This study was registered with the International Prospective Register of Systematic Reviews (PROSPERO) ( as CRD42018108495 and was based on the Preferred Reporting Items for System Evaluation and Meta-Analysis (PRISMA) statements (Table S2).

Data Sources and Search Strategies

We searched three English electronic databases, namely the Cochrane library (, PubMed (, and EMBASE (, and three Chinese electronic databases, including the China National Knowledge Infrastructure (CNKI,, Wan Fang Database (, and Chinese Scientific Journals Database (VIP,, from their inception until October 2018, without language restrictions. The terminology used for searching were the following keywords: ‘ “Sini powder” OR “Sini” ‘ AND ‘ “Zuojin pill” OR “Zuojin” ‘ AND ‘ “GERD” OR “Reflux Esophagitis” OR “Gastroesophageal Reflux Disease” OR “NERD” OR “RE” OR “BE” ‘ AND ‘ “randomized” OR “RCT” ‘. The detailed search strategy can be seen in (Table S3).

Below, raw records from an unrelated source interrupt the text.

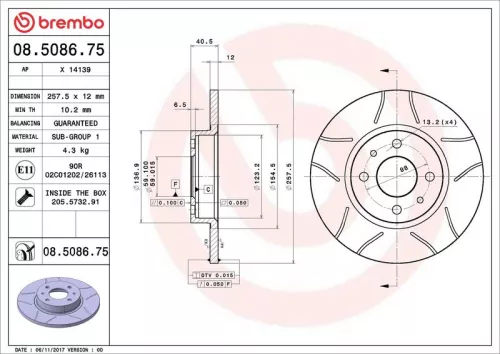 Brake Disc BREMBO 08.5086.75)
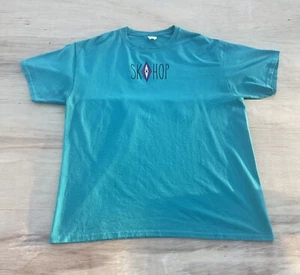 Camicia vintage anni 90 senza marchio manica corta girocollo cotone uomo verde TAGLIA L - Foto 1 di 5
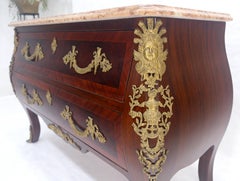 Louis XV Bombe Style Bronze Mounted Mahogany Rouge Marble Top Commode Dresser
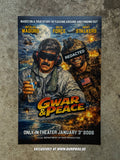 Movie poster for 'War & Peace' with two men in military gear against a night sky.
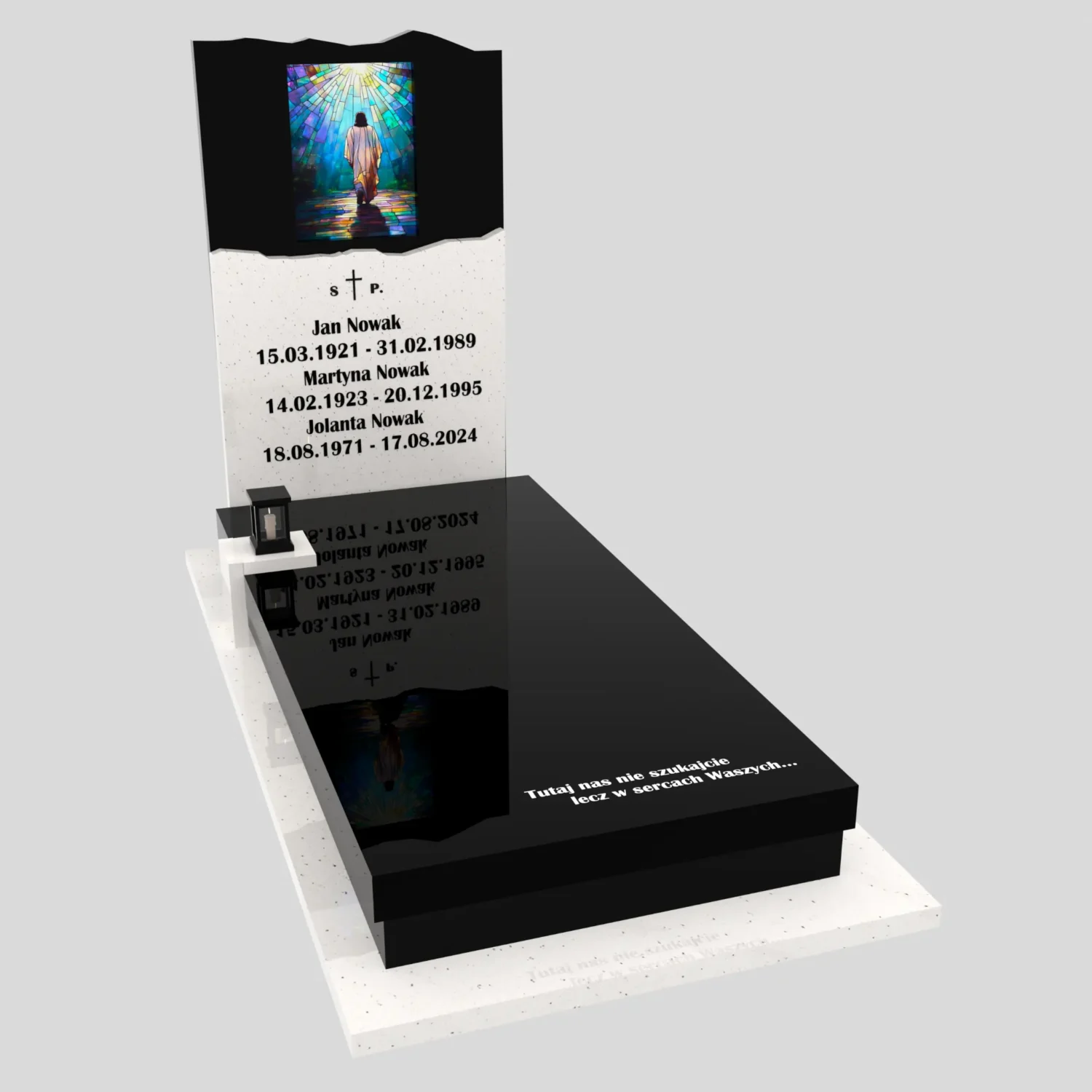 Nagrobek pojedynczy z witrażem Jezusa – forma nowoczesna K 123 zdjęcie 81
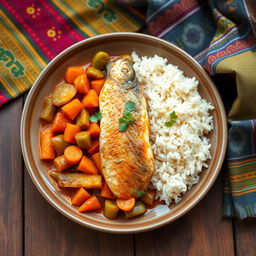 A beautifully plated dish of Thieboudienne, a traditional Senegalese meal, featuring a vibrant array of colorful vegetables like carrots, bell peppers, and cabbage, cooked in a rich, flavorful tomato sauce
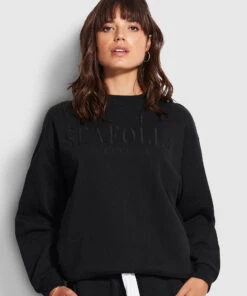 Seafolly Ladies Seafolly Originals Crew Sweat Black
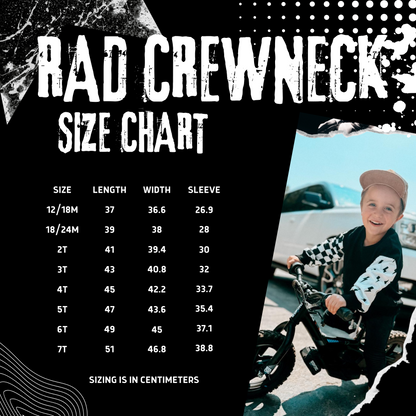 RAD • CREWNECK • CHECKERED + BOLTS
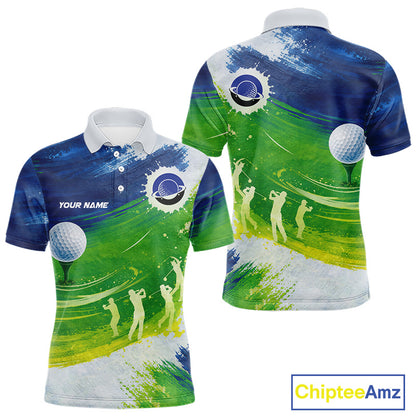 Mens Golf Polo Shirts Custom Name Blue And Green Golf Shirt, Tournament Golf Tops For Mens NBT546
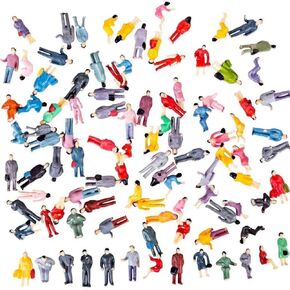 100 Pcs 1:100/1:150/1:75/1:50 Scale People Figures - ABS Building Model Passengers, Painted Train Scenery Figurines, Multicolor Mixed Poses for DIY Layouts (1:100)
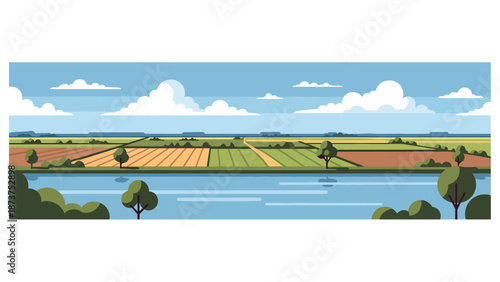 Flat vector illustration of Mississippi countryside with wide rivers, farmland, trees, and rural roads, calm southern landscape in solid colors and clean outlines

Study Selection and Eligibility

Types of Studies

All studies were RCTs for assessing the efficacy and safety of the Chinese herbal formula SNZJD only or in combination with other TSM in treating GERD. Included studies were not subject to publishing restrictions. Works on non-gastroesophageal reflux diseases or other diseases were excluded. Reports with data falsification, loss, ambiguous outcome indicators, quasi-randomized control trials, animals, and basic experiments were excluded.

Types of Patients

Adult patients (age ≥ 18 years) were diagnosed as GERD (including RE, NERD, or BE) according to at least one of the present or past domestic and foreign accepted diagnostic criteria, such as the Chinese Gastroenterology Diagnosis and Treatment Guidelines, Chinese Expert Consensus on GERD, Guidelines of Clinical Research of New Drugs of TCM, or World Gastroenterology Organisation Global Guidelines, or due to presenting with obvious heartburn and/or reflux symptoms or other atypical GERD symptoms or extraesophageal symptoms.

Types of Interventions

The treatment group was treated with SNZJD alone or with adjuvant therapy, including SNZJD plus TSM therapy but excluding SNZJD plus acupuncture, cupping, moxibustion, and other traditional therapies. Participants in the control group were being treated with placebo or TSM alone. The composition of the herbal prescription SNZJD was Bupleurum chinense DC. (Chai Hu, Bupleuri Radix), Citrus × aurantium L. (Zhi Shi, Aurantii Fructus Immaturus), Paeonia lactiflora Pall. (Bai Shao, Paeoniae Radix Alba), Glycyrrhiza uralensis Fisch. ex DC. (Gan Cao, Glycyrrhizae Radix et Rhizoma), Tetradium ruticarpum (A. Juss.) T. G. Hartley (Wu Zhu Yu, Evodiae Fructus), and Coptis chinensis Franch. (Huang Lian, Coptidis Rhizoma). There were no special restrictions on the quantity and dose of herbs and no limitation on the methods of SNZJD administration. The treatment cycle lasted for at least two weeks. If only two courses of treatment were stated in the study and the treatment duration was not reported, the original author would be consulted.

Types of Outcome Measures

The outcome indicators of the study should include clinical efficacy, the response rate of symptom reduction, and other effects. The former was classified as healing, markedly effective, effective, and ineffective according to the corresponding domestic and international guidelines and standards. The latter could use the Reflux Diagnostic Questionnaire (RDQ), the total score of symptoms, recurrence rate, and adverse effects, etc., for analysis. RDQ contained the assessment of heartburn, substernal chest pain, acid regurgitation, and food regurgitation symptoms.

Data Extraction

Three reviewers (Shaowei Li, Weihan Huang, and Jinming Ou) screened and extracted the data independently using a research screening design scheme. Divergences were dealt with by discussion or consensus with the fourth reviewer (Mengfen Huang). The following data were extracted: first author, year of publication, sample size, mean age, diagnosis standard, intervention measures, duration, outcome indicators, research design, and methods. In addition, three reviewers (Guojin Wu, Xiaoqian Yang, and Qipeng Wei) extracted the composition of TCM for the decoction formula and the addition or subtraction of components with symptoms.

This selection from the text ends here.